Como a suspeita inicial contra os pepinos espanhóis prejudicou as exportações do país, o governo espanhol anunciou na quinta-feira que pedirá " ressarcimento dos danos " causados pelo "erro clamoroso" da Alemanha.

Na quinta-feira, o chefe de governo espanhol, José Luis Zapatero, se reuniu com a chanceler alemã, Angela Merkel, que prometeu "que a Alemanha estudará formas para indenizar os agricultores afetados".

Nesta sexta-feira, o primeiro vice-presidente do governo espanhol , Alfredo Pérez Rubalcaba, afirmou que a Espanha centrará na União Europeia a "exigência de indenizações" ao setor hortifrutigranjeiro pelas perdas geradas após os pepinos espanhóis terem sido responsabilizados pelo surto na Alemanha.
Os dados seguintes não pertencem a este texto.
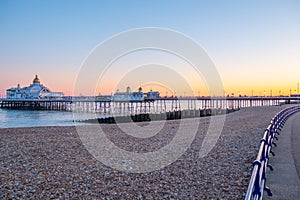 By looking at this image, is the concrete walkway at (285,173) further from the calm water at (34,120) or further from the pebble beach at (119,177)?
the calm water at (34,120)

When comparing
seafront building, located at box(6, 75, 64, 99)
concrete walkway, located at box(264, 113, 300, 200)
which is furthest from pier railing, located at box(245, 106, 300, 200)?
seafront building, located at box(6, 75, 64, 99)

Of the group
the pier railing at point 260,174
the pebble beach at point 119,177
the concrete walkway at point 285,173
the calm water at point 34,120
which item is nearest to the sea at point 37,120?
the calm water at point 34,120

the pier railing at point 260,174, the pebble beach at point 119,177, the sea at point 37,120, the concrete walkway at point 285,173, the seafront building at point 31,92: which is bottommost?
the sea at point 37,120

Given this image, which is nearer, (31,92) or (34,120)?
(34,120)

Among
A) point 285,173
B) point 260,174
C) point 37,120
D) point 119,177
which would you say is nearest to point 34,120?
point 37,120

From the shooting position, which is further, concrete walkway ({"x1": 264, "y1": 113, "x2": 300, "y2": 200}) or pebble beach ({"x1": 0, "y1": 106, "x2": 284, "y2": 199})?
pebble beach ({"x1": 0, "y1": 106, "x2": 284, "y2": 199})

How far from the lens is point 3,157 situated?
804 centimetres

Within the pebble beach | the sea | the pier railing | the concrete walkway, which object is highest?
the pier railing

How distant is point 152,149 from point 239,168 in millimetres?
3664

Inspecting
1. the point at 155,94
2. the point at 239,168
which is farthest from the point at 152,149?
the point at 155,94

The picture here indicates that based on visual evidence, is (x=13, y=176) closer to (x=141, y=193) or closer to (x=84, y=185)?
(x=84, y=185)

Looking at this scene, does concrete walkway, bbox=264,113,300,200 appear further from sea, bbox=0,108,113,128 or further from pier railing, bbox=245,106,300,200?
sea, bbox=0,108,113,128

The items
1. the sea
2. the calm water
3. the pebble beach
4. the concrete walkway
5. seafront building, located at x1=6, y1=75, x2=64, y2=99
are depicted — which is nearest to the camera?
the concrete walkway

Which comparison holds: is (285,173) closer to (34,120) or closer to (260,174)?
(260,174)
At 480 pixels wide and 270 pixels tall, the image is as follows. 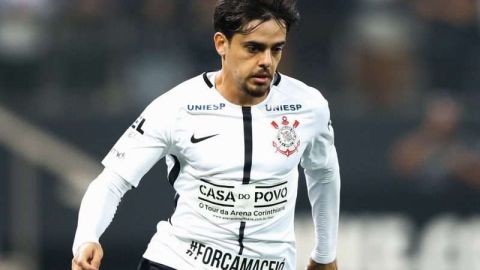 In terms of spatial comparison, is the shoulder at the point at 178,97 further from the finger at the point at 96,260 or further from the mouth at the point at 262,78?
the finger at the point at 96,260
Rubalcaba pediu à União Europeia que assuma a responsabilidade no assunto relativo à contaminação, que se transformou em um problema de saúde pública comunitária. “O governo reclamará à UE que assuma a liderança sobre esse assunto”, explicou Rubalca. “Trata-se de um assunto europeu com componente sanitário e comercial preocupante, e se trata de uma responsabilidade que cabe à Europa sufragar”.

Epidemia

Na quinta-feira, a Organização Mundial de Saúde (OMS) classificou a cepa da E. coli como "nunca vista antes em uma epidemia".
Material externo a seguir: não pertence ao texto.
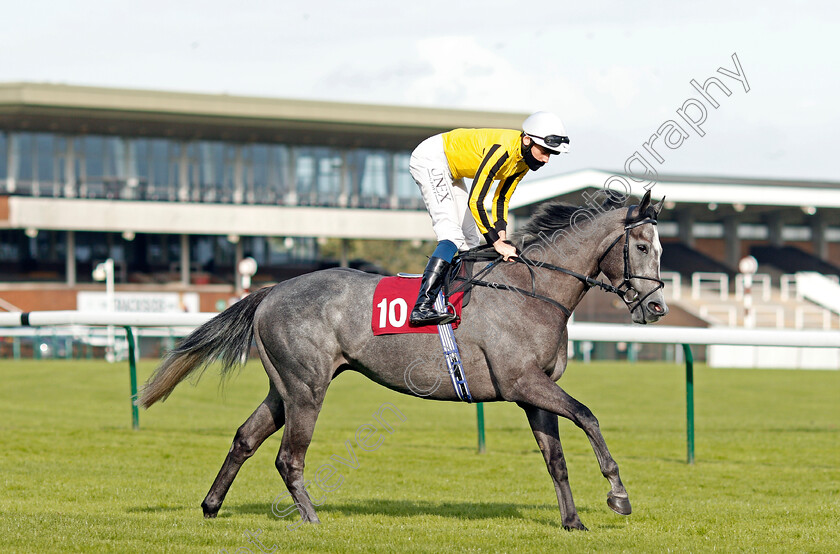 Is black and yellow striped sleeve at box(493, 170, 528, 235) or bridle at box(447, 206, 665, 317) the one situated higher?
black and yellow striped sleeve at box(493, 170, 528, 235)

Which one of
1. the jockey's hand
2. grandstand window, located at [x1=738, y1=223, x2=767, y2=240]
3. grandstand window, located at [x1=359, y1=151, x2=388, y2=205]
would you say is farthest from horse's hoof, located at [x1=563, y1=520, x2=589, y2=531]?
grandstand window, located at [x1=738, y1=223, x2=767, y2=240]

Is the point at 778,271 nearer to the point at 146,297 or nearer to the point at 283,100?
the point at 283,100

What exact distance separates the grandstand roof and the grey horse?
28.3 meters

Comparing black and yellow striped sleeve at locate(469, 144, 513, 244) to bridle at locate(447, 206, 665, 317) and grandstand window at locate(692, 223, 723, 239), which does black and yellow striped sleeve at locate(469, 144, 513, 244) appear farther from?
grandstand window at locate(692, 223, 723, 239)

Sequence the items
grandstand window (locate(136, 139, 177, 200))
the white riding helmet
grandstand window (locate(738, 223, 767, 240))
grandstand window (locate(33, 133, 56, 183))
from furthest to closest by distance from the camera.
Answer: grandstand window (locate(738, 223, 767, 240)), grandstand window (locate(136, 139, 177, 200)), grandstand window (locate(33, 133, 56, 183)), the white riding helmet

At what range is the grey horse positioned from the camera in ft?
17.6

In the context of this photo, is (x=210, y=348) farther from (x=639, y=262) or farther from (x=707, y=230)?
(x=707, y=230)

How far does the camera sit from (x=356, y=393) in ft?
51.3

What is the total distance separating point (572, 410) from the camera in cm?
512

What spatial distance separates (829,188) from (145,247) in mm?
24203

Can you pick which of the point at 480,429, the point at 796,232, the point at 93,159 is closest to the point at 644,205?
the point at 480,429

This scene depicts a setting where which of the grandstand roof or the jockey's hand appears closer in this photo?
the jockey's hand

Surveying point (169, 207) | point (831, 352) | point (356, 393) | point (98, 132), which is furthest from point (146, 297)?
point (831, 352)

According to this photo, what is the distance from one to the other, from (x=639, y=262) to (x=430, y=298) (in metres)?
1.14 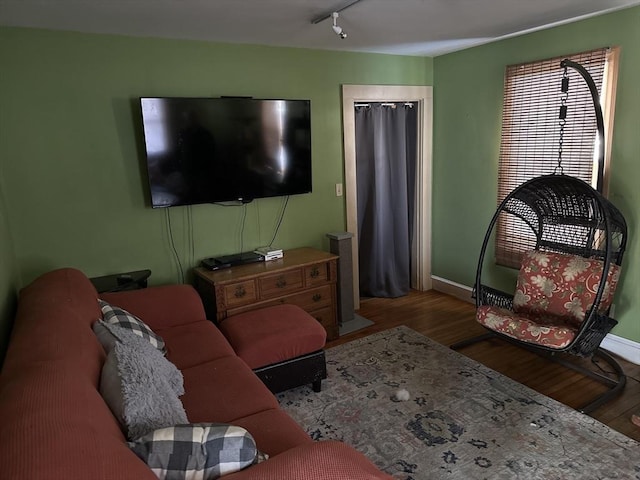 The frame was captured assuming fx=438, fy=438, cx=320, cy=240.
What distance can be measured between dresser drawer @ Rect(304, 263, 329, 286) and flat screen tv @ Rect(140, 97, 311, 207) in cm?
65

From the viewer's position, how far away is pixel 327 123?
12.6ft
Uma empresa particular chinesa da área da genética que trabalha com o Centro Hospitalar Universitário de Eppendorf, em Hamburgo, e um laboratório californiano afirmaram na quinta-feira que essa bactéria é um híbrido que traz genes de dois diferentes tipos de E. coli, algo nunca visto antes. "Ela se apresenta resistente aos antibióticos e por isso é extremamente difícil tratá-la", afirmaram.

O Instituto Robert Koch anunciou que na Alemanha - o epicentro do surto - há 520 pessoas contaminadas sofrendo da complicação da síndrome hemolítico-urêmica (SHE), que pode causar falência renal.

Até agora, 13 países - Alemanha, Áustria, República Checa, Dinamarca, Finlândia, França, Holanda, Noruega, Espanha, Suécia, Suíça, Reino Unido e Estados Unidos - registraram casos de infecção pela bactéria, que provoca hemorragias no sistema digestivo e, nos casos mais graves, transtornos renais. Todos os casos estão relacionados à Alemanha.

Apesar de descartada a contaminação pelos pepinos espanhóis, a UE acredita que os prejuízos para a agricultura do país são irreversíveis. Por precaução, o Instituto Robert Koch continua recomendando aos consumidores evitarem as verduras cruas, qualquer que seja sua origem.